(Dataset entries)
::::::::::

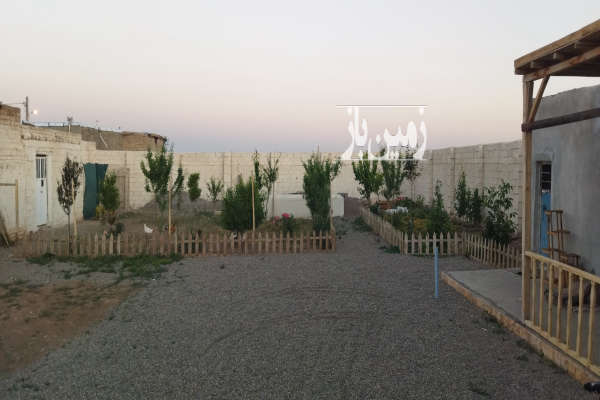زمین همراه خونه مسکونی در روستای دیال اباد ۶۰۰ متر-2
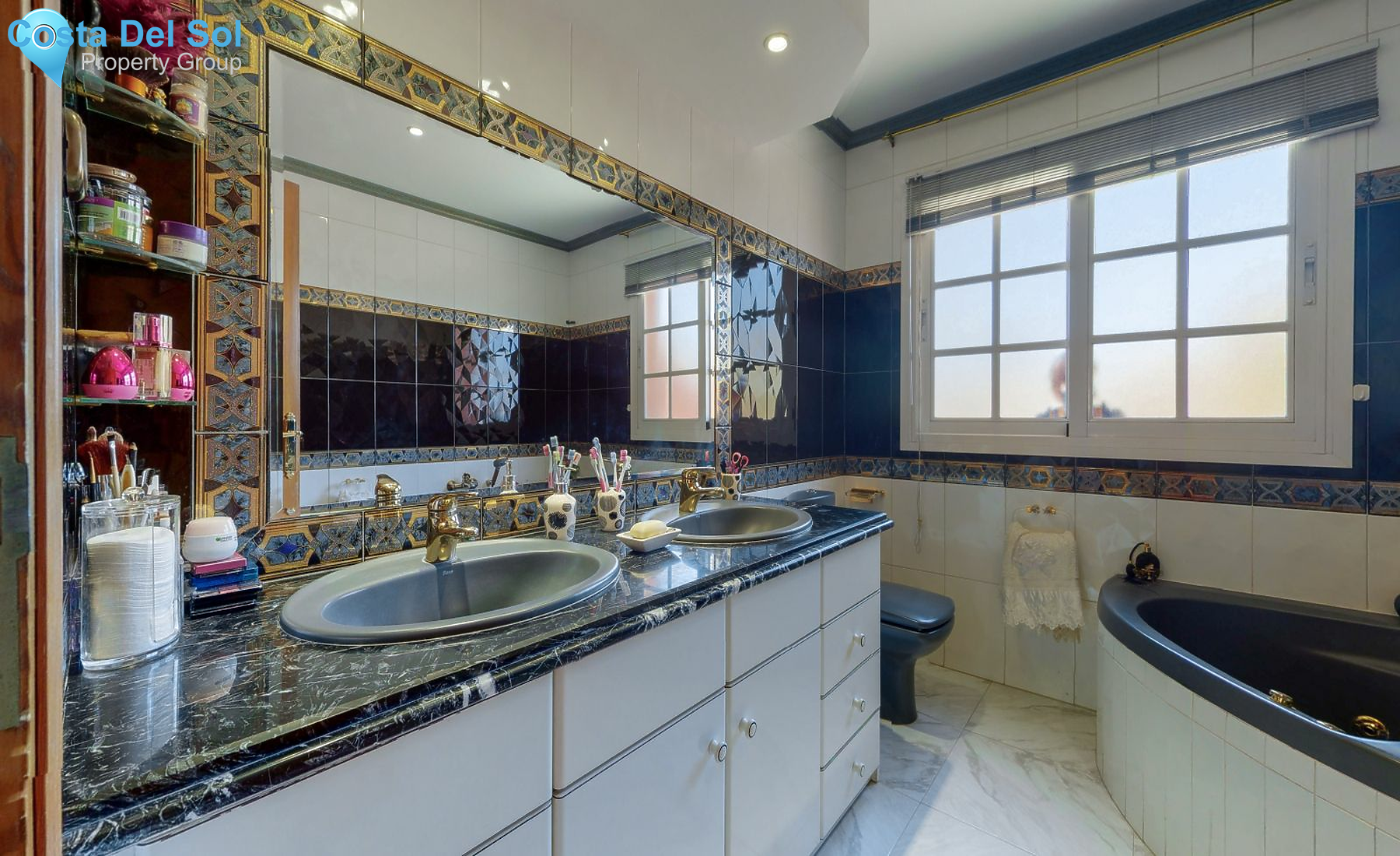 Detached Villa in San Pedro de Alcántara-1134742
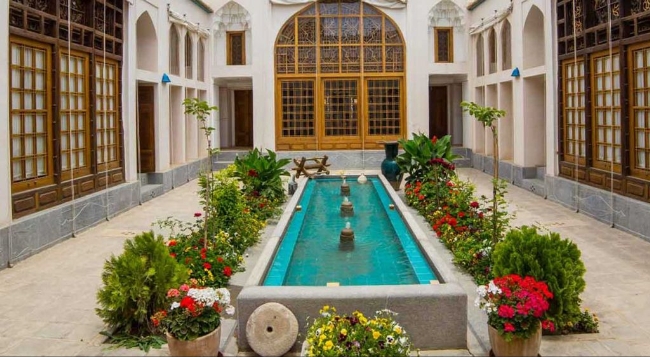 تجربه اقامت در معماری اصیل قاجاری | بوتیک هتل کیانپور؛ در فهرست بهترین‌ها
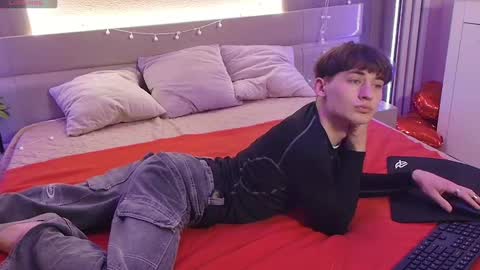 Vinsant online show from April 16, 8:04 am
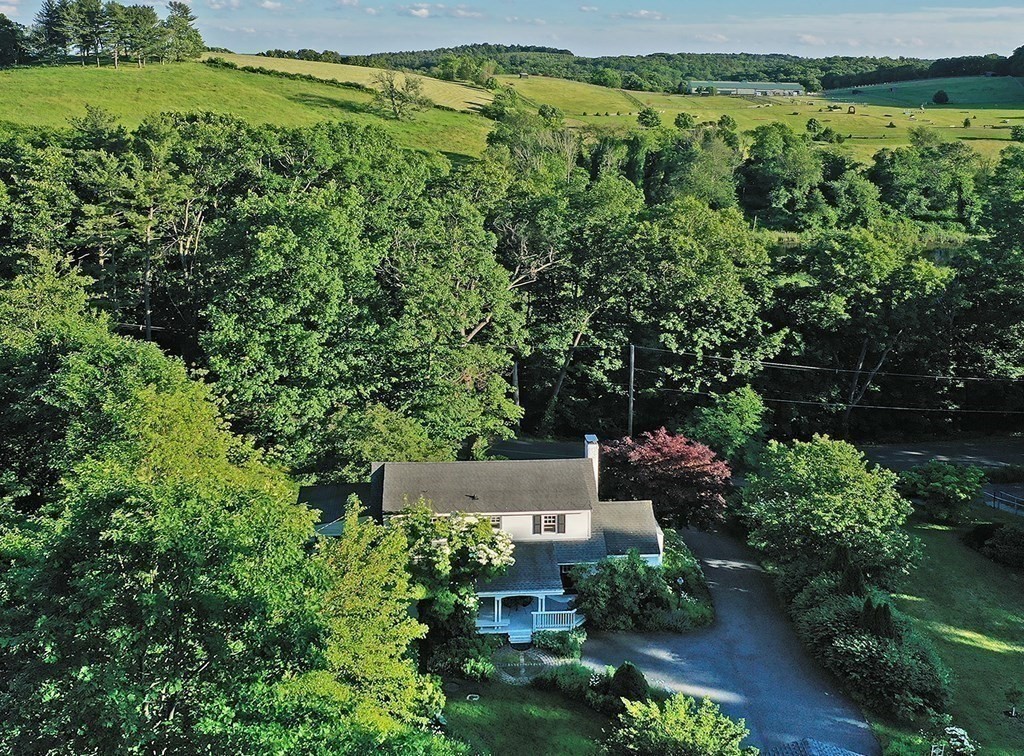 345 Martins Pond Road Groton, MA 01450 - Photo 8 of 35 Gallery Image 8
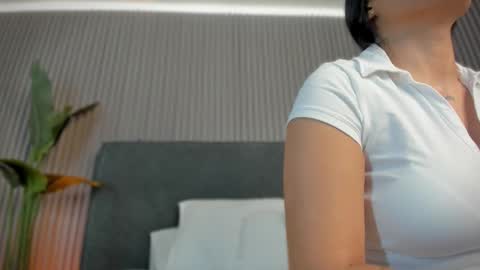 Snapshot of emelie_89 chatting on 26, 3, 2026 emelie_89 online show from 26, 3, 2026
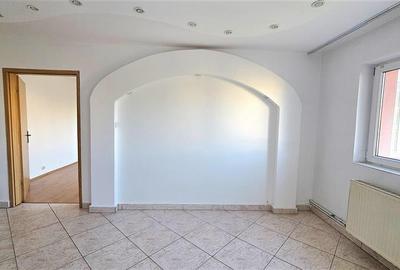 Comision 0% - apartament 2 camere etajul 3 - 6
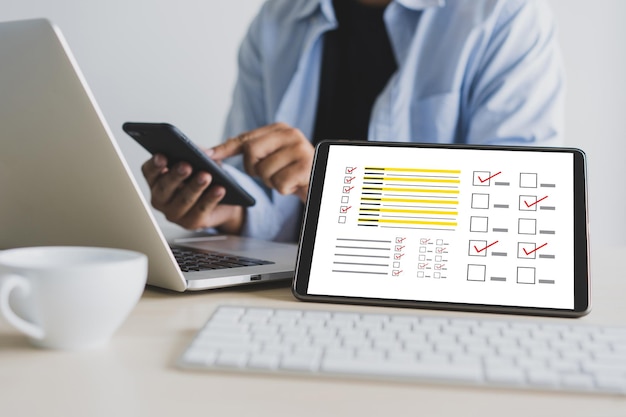 Tableta digital que muestra varios iconos contra la persona que trabaja en la oficina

::::::::::

What the exercise asks =>
Reproduce the entries exactly, from the line with "345 Martins Pond" to the line with "Comision 0% - apartament", both lines included, keeping no pictures.

Output =>
 345 Martins Pond Road Groton, MA 01450 - Photo 8 of 35 Gallery Image 8
 Snapshot of emelie_89 chatting on 26, 3, 2026 emelie_89 online show from 26, 3, 2026
 Comision 0% - apartament 2 camere etajul 3 - 6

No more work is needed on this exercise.